El Dialecto del Silencio: La Lengua como Infraestructura de la Renuncia en el Sistema de Sade

La pantalla estaba abierta.
No la abrí.

La cierro.

Vuelvo.

La pantalla sigue abierta.

No debería estar abierta.

La vuelvo a cerrar.

Esta vez tarda más en cerrarse.

No sé por qué vuelvo.

No es curiosidad. Es comprobación.

Verifico el borde superior: la pestaña sigue ahí, como si siempre hubiera estado ahí.
No recuerdo haberla dejado abierta.
Pero la reconozco.

No como descubrimiento.
Como algo que ya estaba.

Miro el historial.

Una entrada repetida.
La misma hora.
Dos veces.

La borro.

Vuelvo a abrir el historial.

Sigue ahí.

No sé si la borré o si solo recuerdo haberla borrado.

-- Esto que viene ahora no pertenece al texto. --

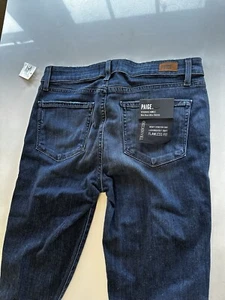 Paige Jeans Womens Verdugo Ankle Distressed Raw Hem Blue Size 29 - Picture 1 of 3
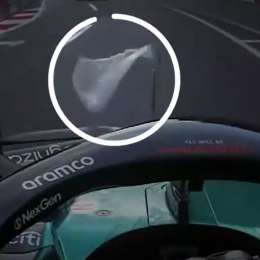 F1: el inconveniente que sufrió Alonso con una bolsa de plástico durante las prácticas en Baku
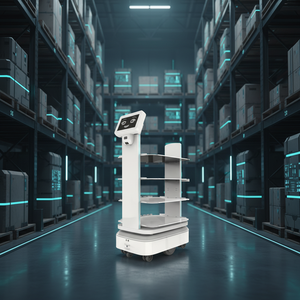 Robots de livraison industriels |   Robots mobiles autonomes (AMR) capacité 150 kg, navigation autonome pour entrepôt - Product Image 2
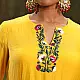 shop silk kurta set comes with contrast organza dupatta… set of 3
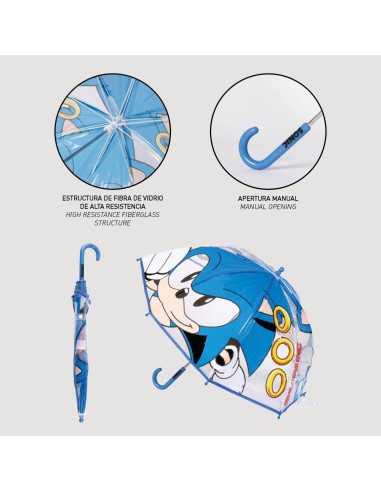 Paraguas manual Sonic diámetro 74cm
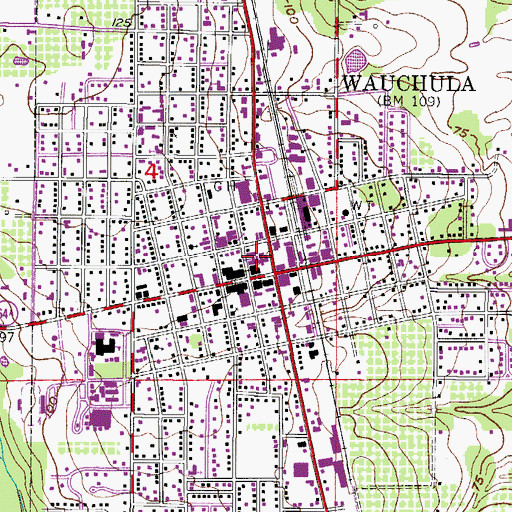 Topographic Map of Faith Presbyterian Church, FL
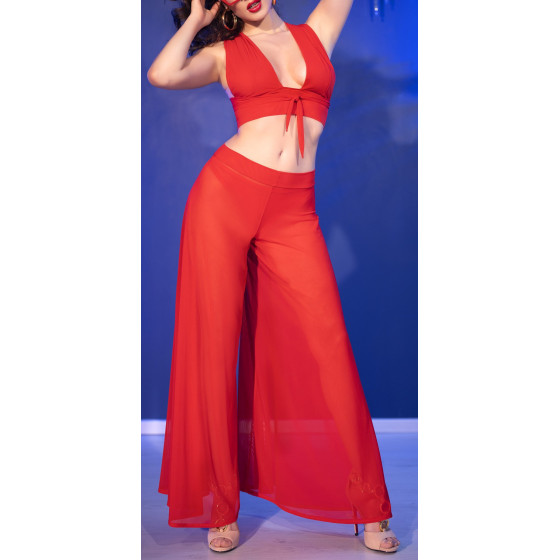 Ensemble 3 Pièces Monika Rouge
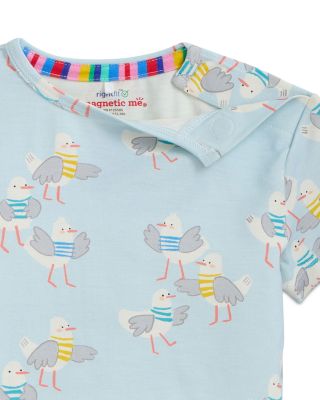 Unisex Gulls Just Wanna Have Fun RightFit™ Magnetic Pajama Set - Little Kid, Big Kid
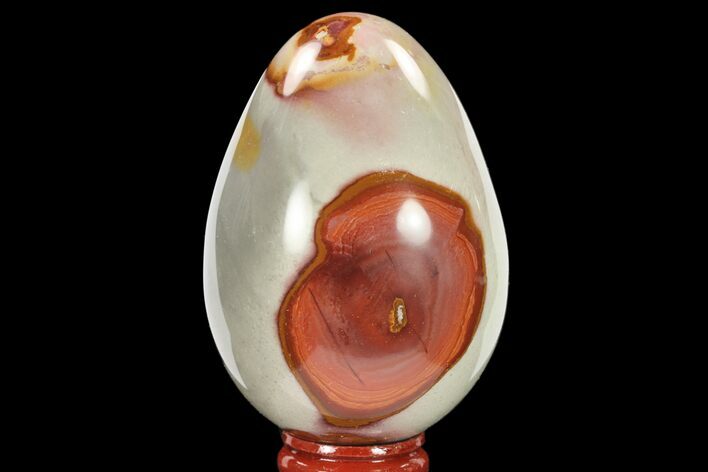 Polished Polychrome Jasper Egg - Madagascar #134588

Mi mano vuelve antes de que decida.

Ya está encima del trackpad.

Esto ocurre un segundo antes de que lo piense.

Cierro otra vez la pantalla.

Vuelve a abrirse sola.

No sé si esto es nuevo o si simplemente no me había dado cuenta antes.

La noto más lenta al cerrarse.

Como si recordara mis intentos.

Es eso lo que me inquieta.

No lo que cambia.

Sino que responde.

No estoy comprobando la página.

Estoy comprobando si todavía me afecta.

Y cada vez que vuelvo… afecta un poco menos la sorpresa.
Y un poco más la necesidad de volver.

Miro la esquina inferior.

Hay una notificación.

No estaba antes.

Creo.

La abro.

Es la misma.

La misma hora otra vez.

No debería repetirse.

O quizá siempre se repitió y yo lo estoy viendo ahora por primera vez.

No sé cuándo empezó.

Solo sé que ahora ya no puedo dejar de mirar.

Cierro la pantalla.

Vuelve a abrirse.

Y esta vez no estoy seguro de haberla tocado.